Hence, the final K-means clustering will be performed with four clusters and these clusters will be further used in the logistic regression. The cluster distribution is added to a dataset with the passive variables to describe the different clusters. An ANOVA test will be used to check whether the clusters are significantly different. First, the three assumptions of ANOVA, mentioned in section 3.2.1, are tested. Testing the first assumption, non-normality is detected. The normality plots already show a non-normal distribution (appendix 4), which is also confirmed by the Kolmogorov-Smirnov test and the Jarque-Bera test. Both test show a significant result, respectively p = <2,2e-16 and p = < 2,2e-16, indicating non-normality. Hence, the first assumption is not met and it can be concluded that the ANOVA cannot be performed. Therefore, the Kruskal-Wallis test is used.

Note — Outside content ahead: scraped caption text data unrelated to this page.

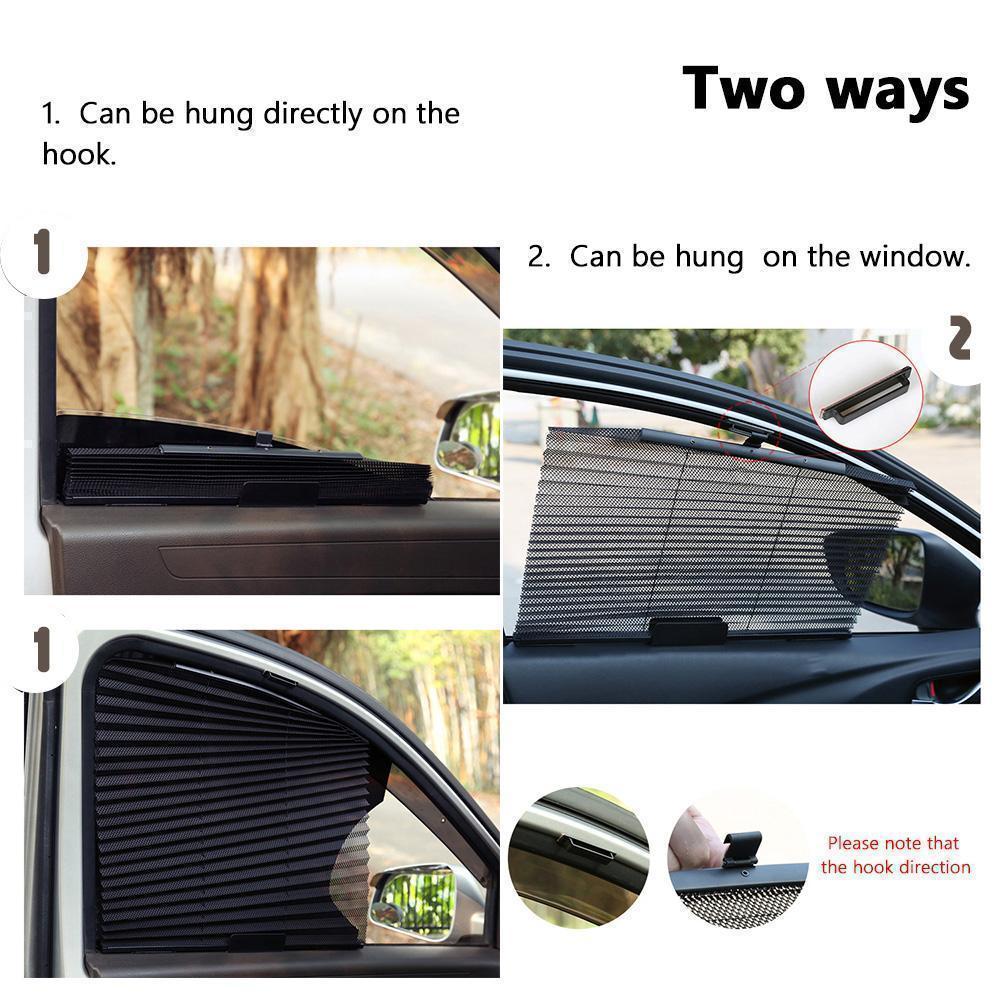 Car Window Sun Shade Curtain With 3M Adhesive, Black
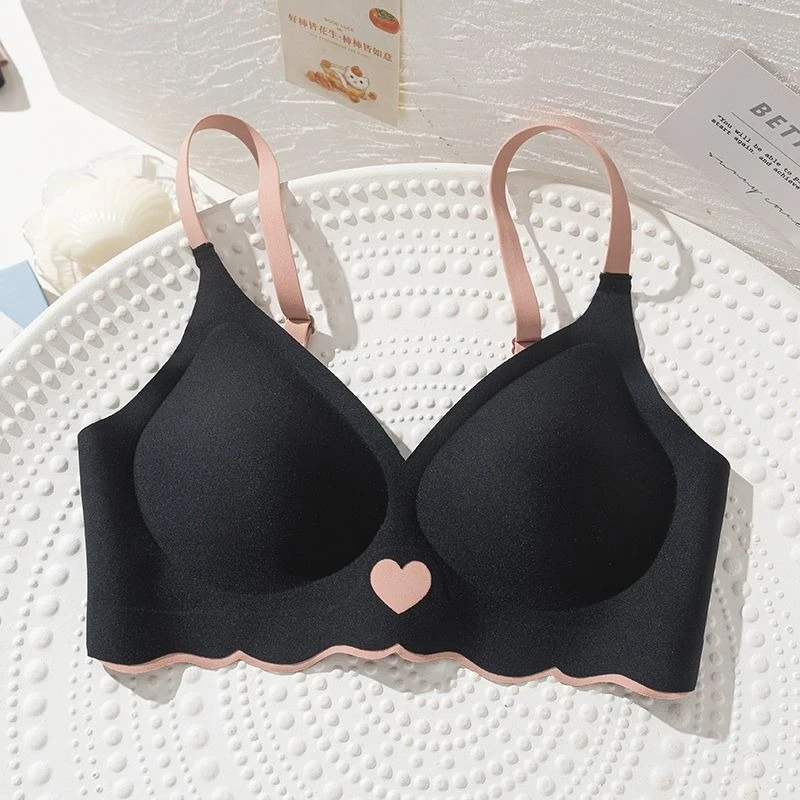 Women Seamless Push Up Bras Sexy Padded No Steel Brassiere Underwear Deep V Neck Support Top Removable Pads Bralette Lingerie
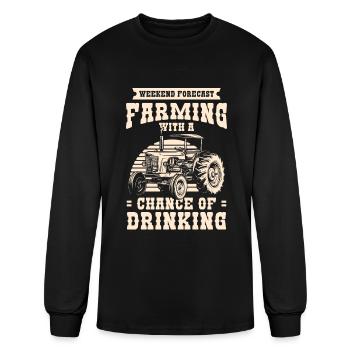 Farmer Demonstrating Harvest - Men's Long Sleeve T-Shirt - black - Front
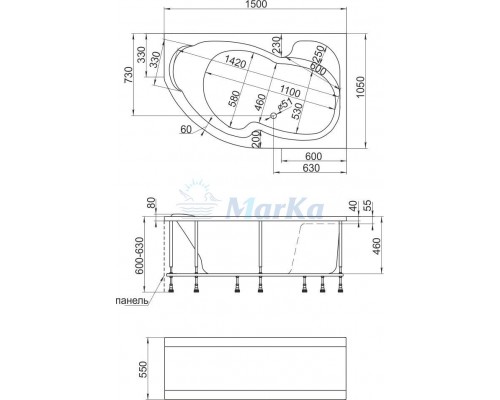 Ванна 1MarKa AURA, асимметричная, левая/правая, 150 х 105 см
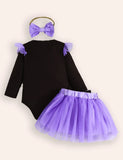Halloween Color Skeleton Romper + Headband+ Tulle Skirt Three-piece Set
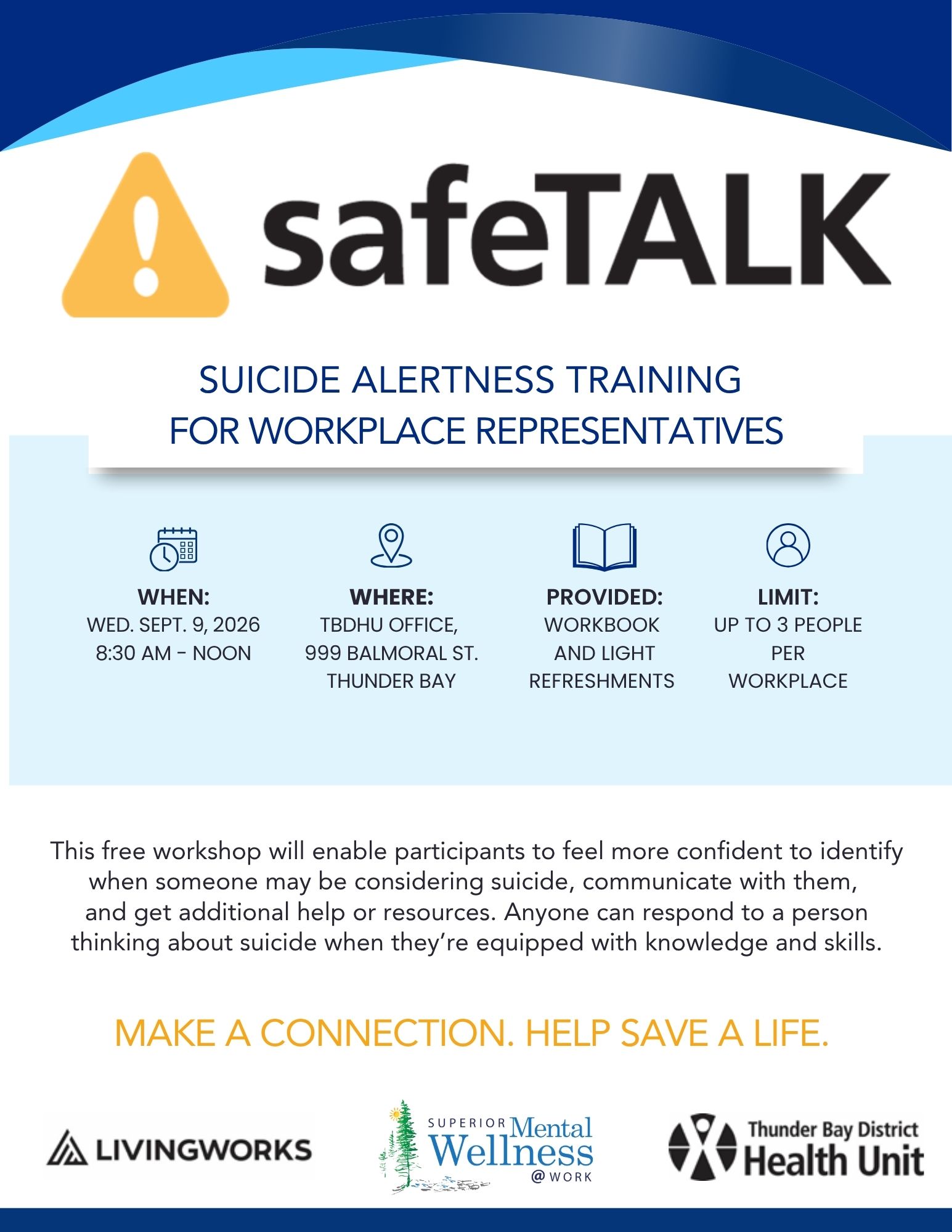 a poster with registration information for safetalk workshop
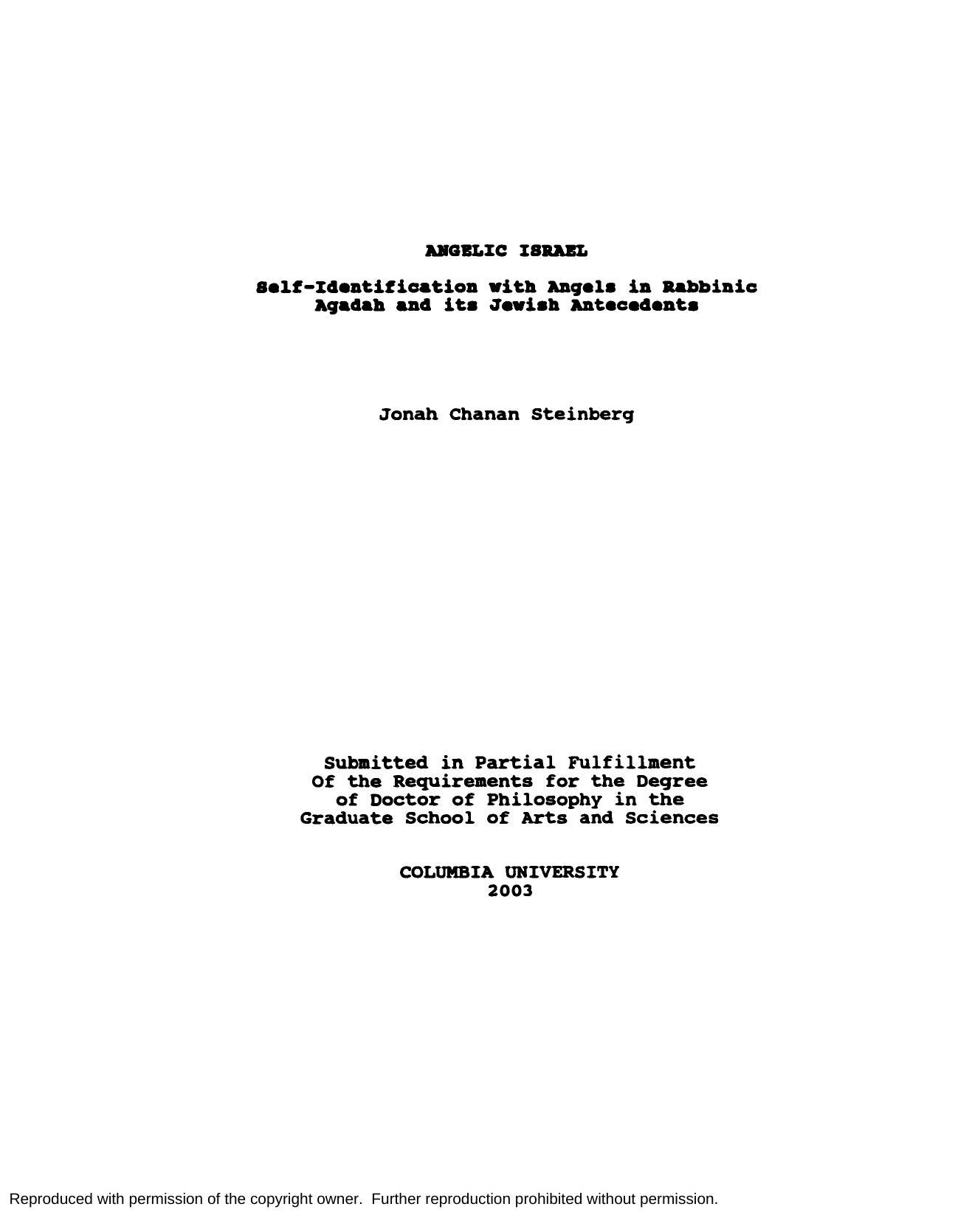 Angelic Israel: Self-Identification with Angels in Rabbinic Agadah and its Jewish Antecedents by Jonah Steinberg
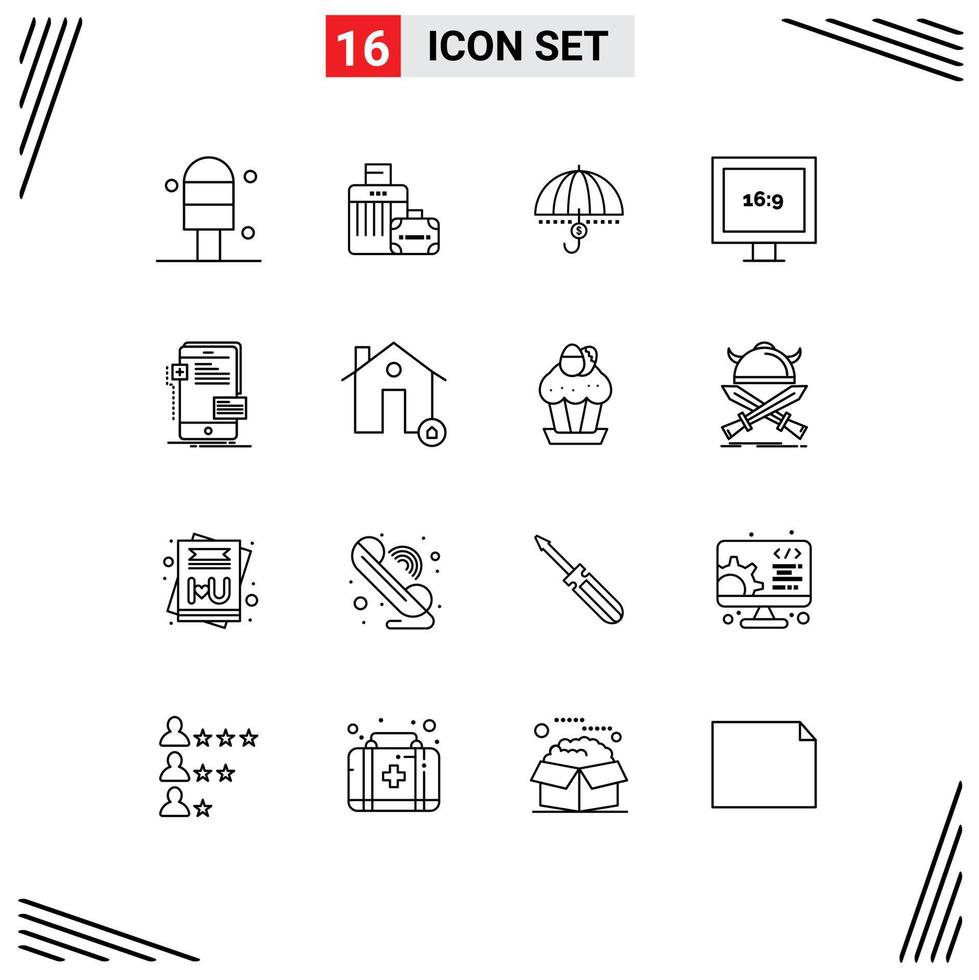 Group of 16 Modern Outlines Set for frontend display financial aspect ratio security Editable Vector Design Elements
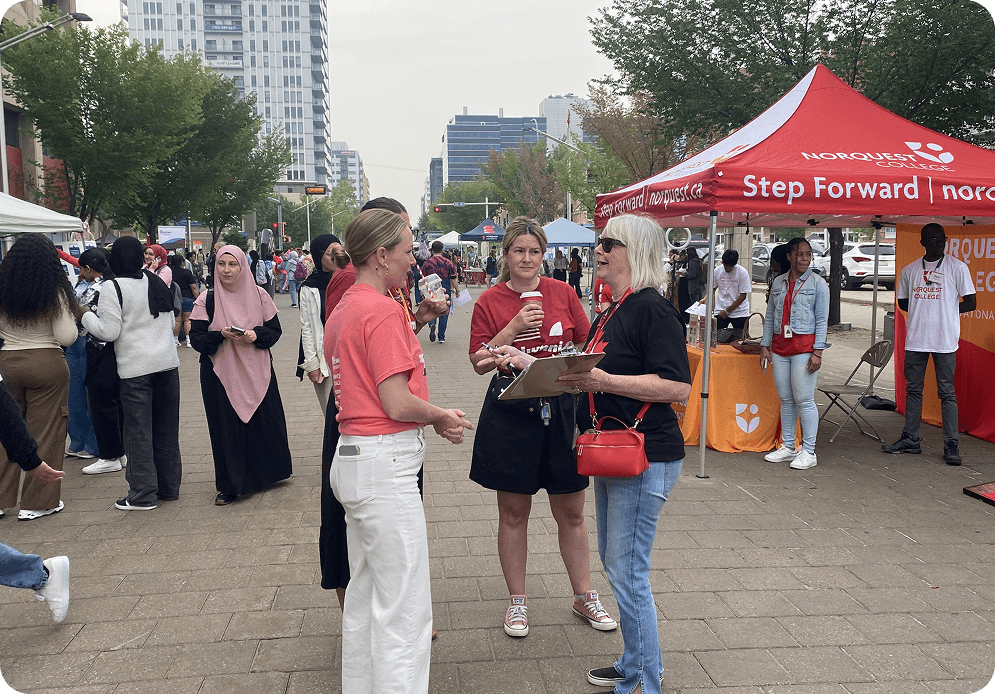 Volunteer collecting signatures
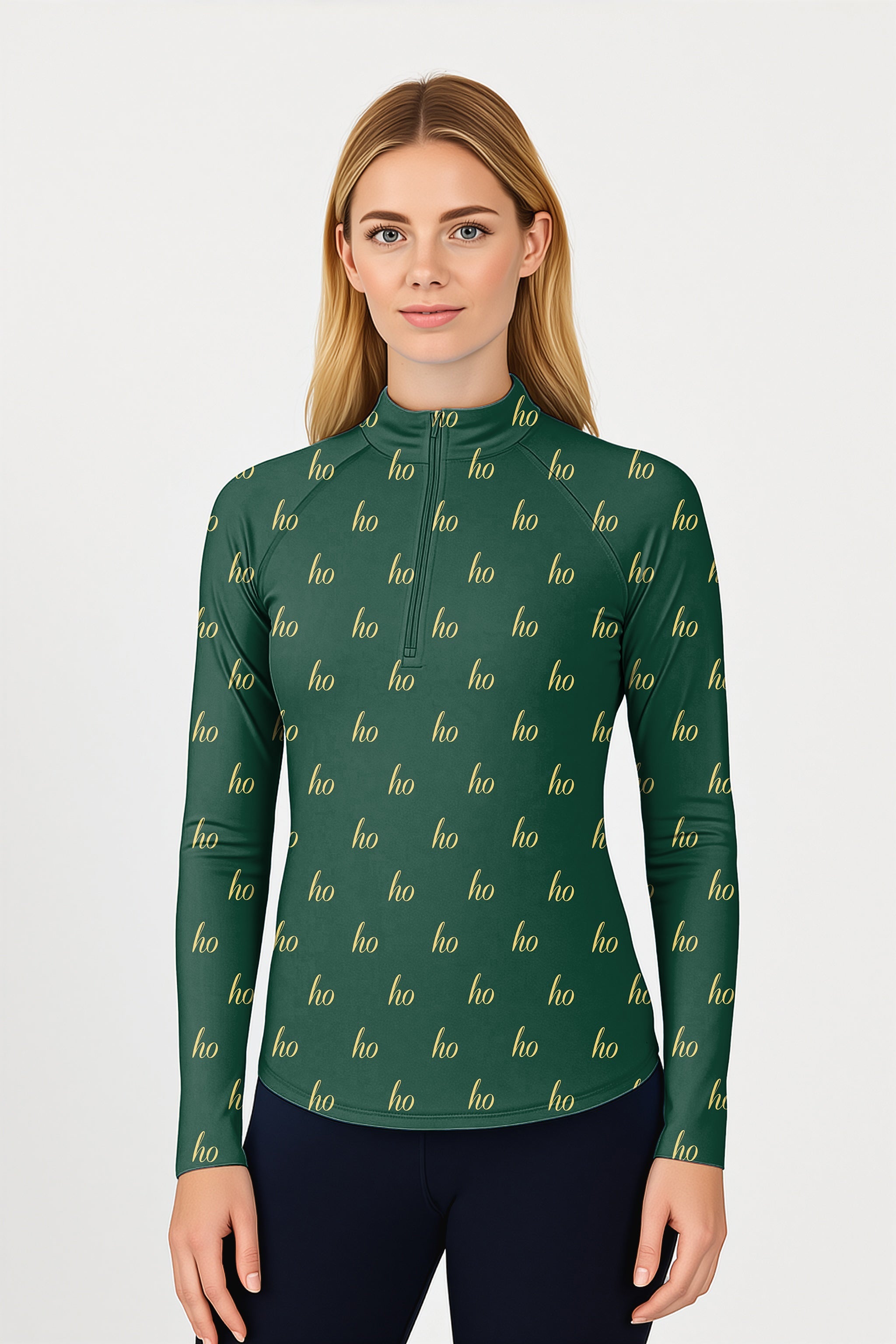 Dark green women's 3/4 zip long sleeve golf top with custom name and "ho" print, lightweight and sun-safe activewear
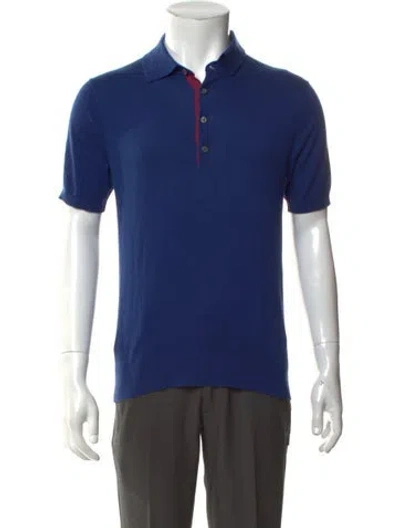 Pre-owned Ps By Paul Smith Collar Short Sleeve Polo Shirt In Blue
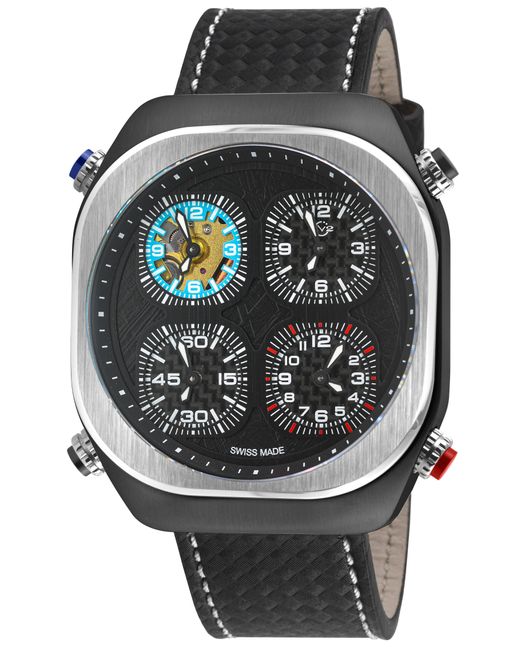 Gv2 Gray Quattro Zone, Ipbk Case, Dial, 4 Time Sub W/ Stitching Handmade Italian Leather Strap for men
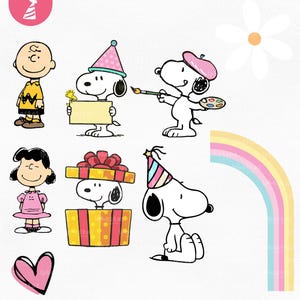May include: A collection of cartoon illustrations featuring Snoopy and other Peanuts characters. Snoopy is depicted in various poses, including wearing a party hat, holding a paintbrush, and popping out of a gift box. Other characters include Charlie Brown and Lucy.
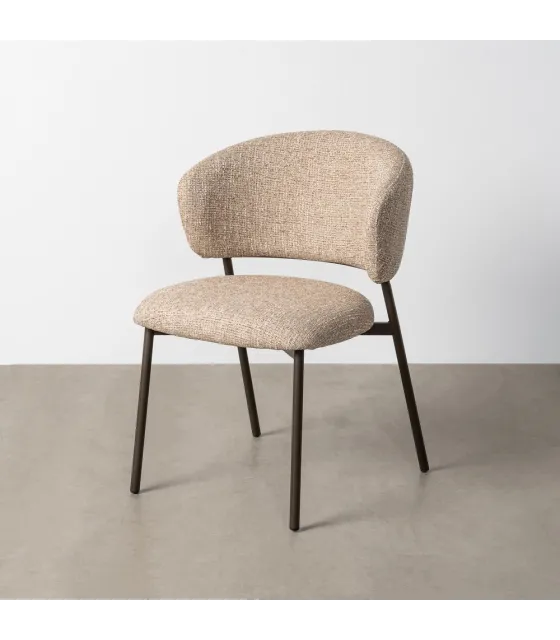 SILLA JASPEADO BEIGE-MARRÓN TEJIDO-METAL 57 X 60 X 81 CM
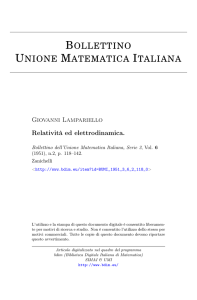 Relatività ed elettrodinamica. - bdim: Biblioteca Digitale Italiana di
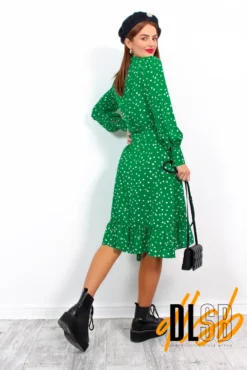 Some Like It Dot - Green Polka Dot Midi Wrap Dress -Glamoros Clothing Shop SomeLikeItDot GreenPolkaDotMidiWrapDress1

The Kruskal-Wallis test is often used when the assumptions for ANOVA are not met and checks whether the median of the clusters are significantly different. The test shows a significant result (p = <2,2e-16), meaning that the null hypothesis can be rejected and the clusters are significantly different from each other. Thus, these four clusters can be used for further analysis.

4.3.2 Cluster description

The first step in describing the clusters is checking the distribution of the missing values of the passive variables. As mentioned in paragraph 4.1, the demographic information, which will be used to describe the clusters, has 1.603 missing values. A first look at the clusters indicates that the missing values are fairly distributed, which is also confirmed after calculating the percentage of missing values per cluster. Cluster 1, 2, 3, 4 have respectively 17,1%, 12,8%, 19,5% and 15,1% missing values of the total number of observations per cluster. Therefore, it is not needed to solve this issue and hence, only the available values will be used to describe the clusters.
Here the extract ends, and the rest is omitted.